At the Federal level, we may have a marginal tax rate system, but the marginal rates have seen a lot of compression since the Tax Reform Act of 1986, and various tax reforms since. We occasionally tack on an extra high income bracket or two (see Clinton, then Obama), then lop it off (see Bush).
And you can introduce progressiveness by assessing a lower VAT rate to certain classes of goods or services (like groceries for example) or provide rebates to lower income households. Or, provide transfer of wealth payments.
Ruckus
@redshirt:
I rest my case.
Pie Happens (opiejeanne)
@Ruckus: Except for cars. You register your car in Washington and they get the sales tax from you even if you bought it in Oregon.
Pie Happens (opiejeanne)
@Goblue72: No. Just no. It hits the poorest the hardest.
Pie Happens (opiejeanne)
@Ruckus: Dear Lord…
Ruckus
@Pie Happens (opiejeanne):
CA does that as well. You buy a used car from a private party or out of state and they collect sales tax when you register it with the DMV.
Goblue72
@redshirt: I’m a democratic socialist. I believe everyone – EVERYONE – needs to pay more in taxes. With the rich paying even more more.

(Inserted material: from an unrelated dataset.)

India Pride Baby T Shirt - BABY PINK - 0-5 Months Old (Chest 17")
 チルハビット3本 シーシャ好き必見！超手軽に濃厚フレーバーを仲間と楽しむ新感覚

And a much much larger social welfare and public infrastructure state to spend it all.
Universal healthcare, free college education, subsidized housing, high speed rail, a smart electric grid, 100% electricity from renewables, wage insurance, and subsidized child care and maternity leave is not cheap. I want lots of taxes and lots of services.
Ruckus
@Pie Happens (opiejeanne):
You hadn’t noticed this tendency before? It has been pretty clear to me before, tonight was just the pudding.

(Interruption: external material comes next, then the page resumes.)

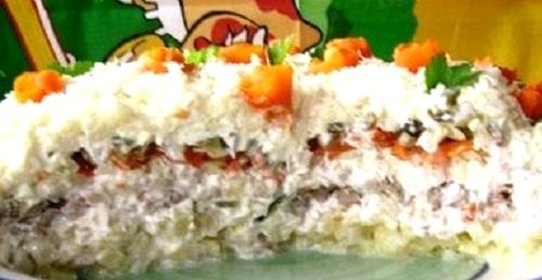 Салат с огурцом и морковью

And with that, off to bed, work calls way too early. WAY too early.
redshirt
@Goblue72:
I agree with all of this 100%.
Let’s make it happen!
David Koch
1. Does any working class stiff want to pay a 25% Federal
SalesVAT tax?2. How many states would vote for a candidate advocating this?
Goblue72
@Pie Happens (opiejeanne): The poor must pay taxes too. The rich must pay even more.
Our friends in Canada have a VAT. The EU has a VAT. Most member states in the EU also have their own VAT over the baseline EU VAT.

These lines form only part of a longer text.